MA-1 Control Response Information
Implementation Status:

not applicable

MA-1: What is the solution and how is it implemented?



MA-2: Controlled Maintenance

The organization: a. Schedules, performs, documents, and reviews records of maintenance and repairs on information system components in accordance with manufacturer or vendor specifications and/or organizational requirements; b. Approves and monitors all maintenance activities, whether performed on site or remotely and whether the equipment is serviced on site or removed to another location; c. Requires that [Assignment: organization-defined personnel or roles] explicitly approve the removal of the information system or system components from organizational facilities for off-site maintenance or repairs; d. Sanitizes equipment to remove all information from associated media prior to removal from organizational facilities for off-site maintenance or repairs; e. Checks all potentially impacted security controls to verify that the controls are still functioning properly following maintenance or repair actions; and f. Includes [Assignment: organization-defined maintenance-related information] in organizational maintenance records.

MA-2 Control Response Information
Implementation Status:

not applicable

MA-2: What is the solution and how is it implemented?



MA-2 (1): Record Content

“[Withdrawn: Incorporated into MA-2].”

MA-2 (1) Control Response Information
Implementation Status:
MA-2 (1): What is the solution and how is it implemented?
This control has not been evaluated in the context of Ansible Tower.



MA-2 (2): Automated Maintenance Activities

The organization: (2)(a).

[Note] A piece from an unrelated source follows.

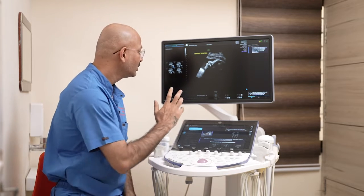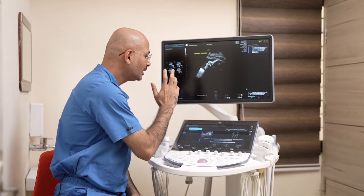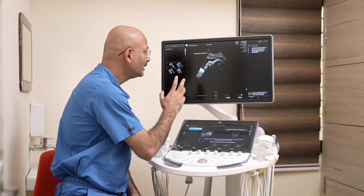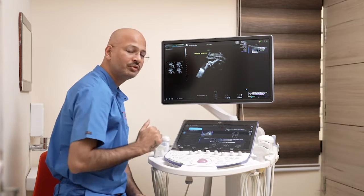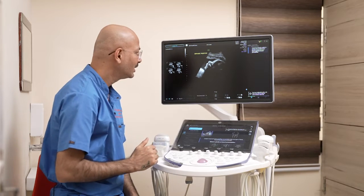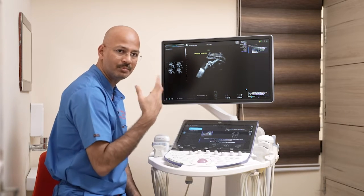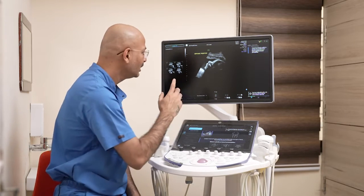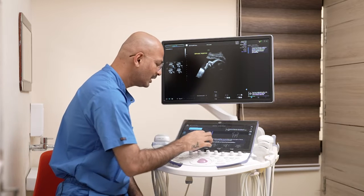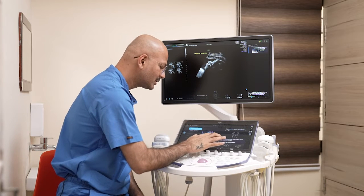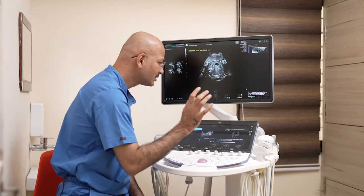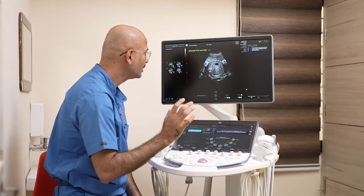First, you have to assign the fetal position — whether it is cephalic or breech. Here it is cephalic, so I'm just clicking on cephalic position.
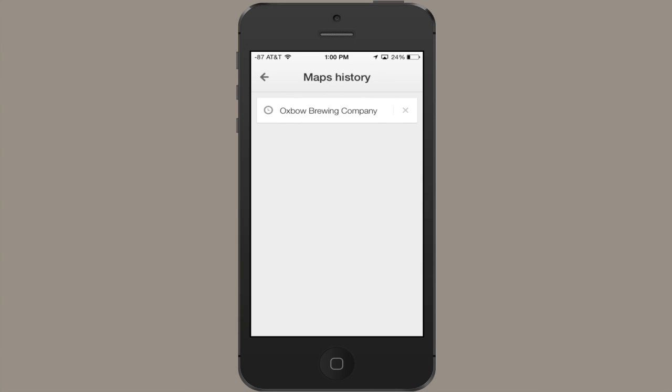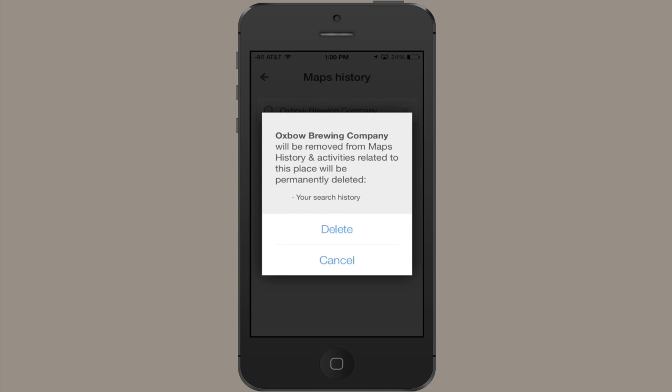Hi, I'm Skyler. Let's say you've been using Google Maps a lot and you've piled up a huge search history. It's linked to your Google account, and you think, you know, I'd kind of like to clean this up. How do you do that?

Employs automated mechanisms to schedule, conduct, and document maintenance and repairs; and (2)(b). Produces up-to date, accurate, and complete records of all maintenance and repair actions requested, scheduled, in process, and completed.

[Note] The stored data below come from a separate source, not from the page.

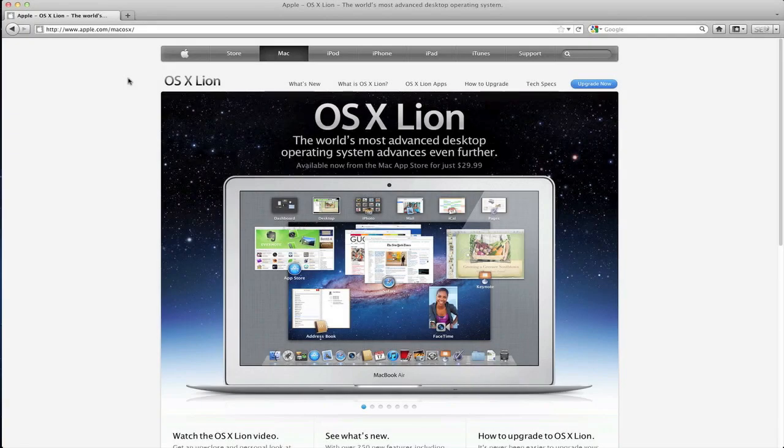Hey everyone, welcome back to MyAppleZone and today was a big day. Today, Apple finally launched Mac OS X Lion.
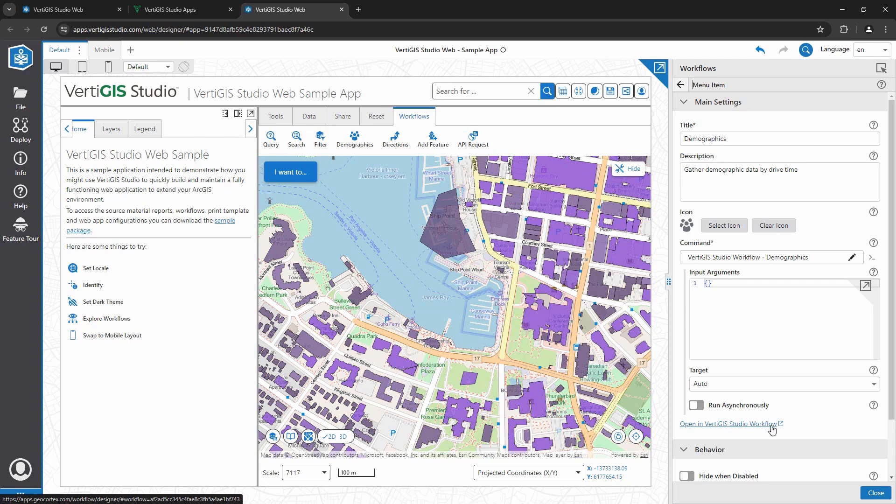If you're interested in learning more about VertiGIS Studio Workflow and the rest of the VertiGIS Studio Suite, please visit VertiGISStudio.com. Thanks, everybody.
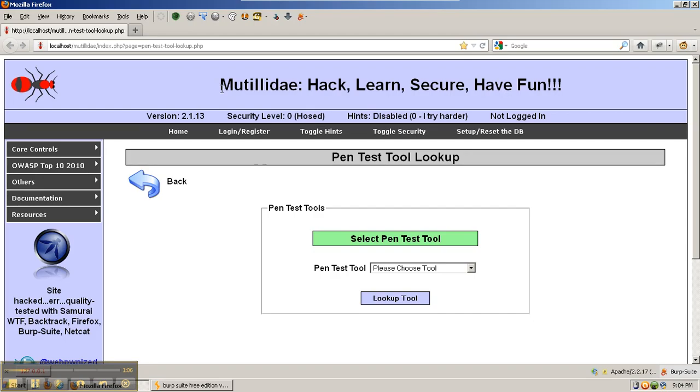Now we need to point Firefox at Burp Suite so that Firefox sends a request to Burp Suite, which then talks to the website, listens for the response, and sends the response back to Firefox. That way, everything is running through Burp Suite.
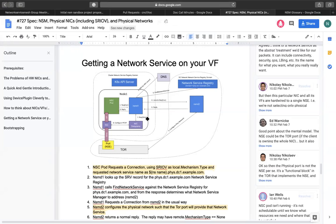I want to highlight this spec about bringing physical NICs and physical networks into the NSM world by consuming them through the abstraction of a network service. It was started more than a month ago — maybe we need to revisit it in regard to the current discussion, because this might change slightly how we approach it.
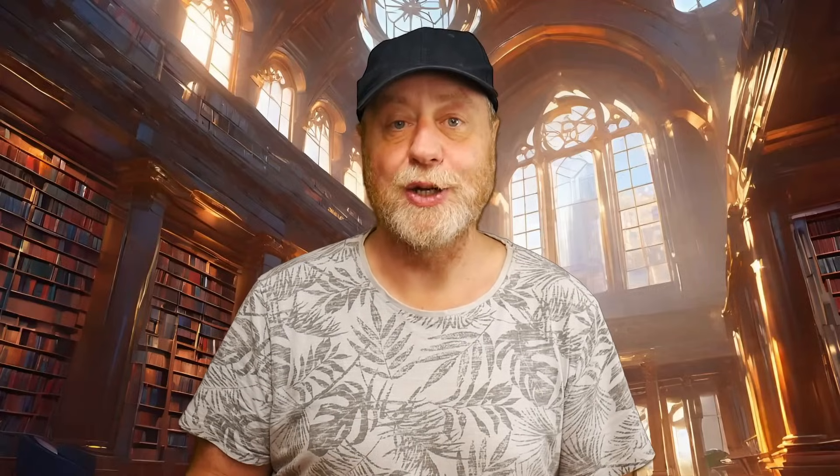There's a new version of Bard that has come out and this new version has a trick up its sleeve. Let's go straight over to the Bard website and let's take a look.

MA-2 (2) Control Response Information
Implementation Status:
MA-2 (2): What is the solution and how is it implemented?
This control has not been evaluated in the context of Ansible Tower.



MA-3: Maintenance Tools

“The organization approves, controls, and monitors information system maintenance tools.”

MA-3 Control Response Information
Implementation Status:
MA-3: What is the solution and how is it implemented?
This control has not been evaluated in the context of Ansible Tower.



MA-3 (1): Inspect Tools

“The organization inspects the maintenance tools carried into a facility by maintenance personnel for improper or unauthorized modifications.”

MA-3 (1) Control Response Information
Implementation Status:
MA-3 (1): What is the solution and how is it implemented?
This control has not been evaluated in the context of Ansible Tower.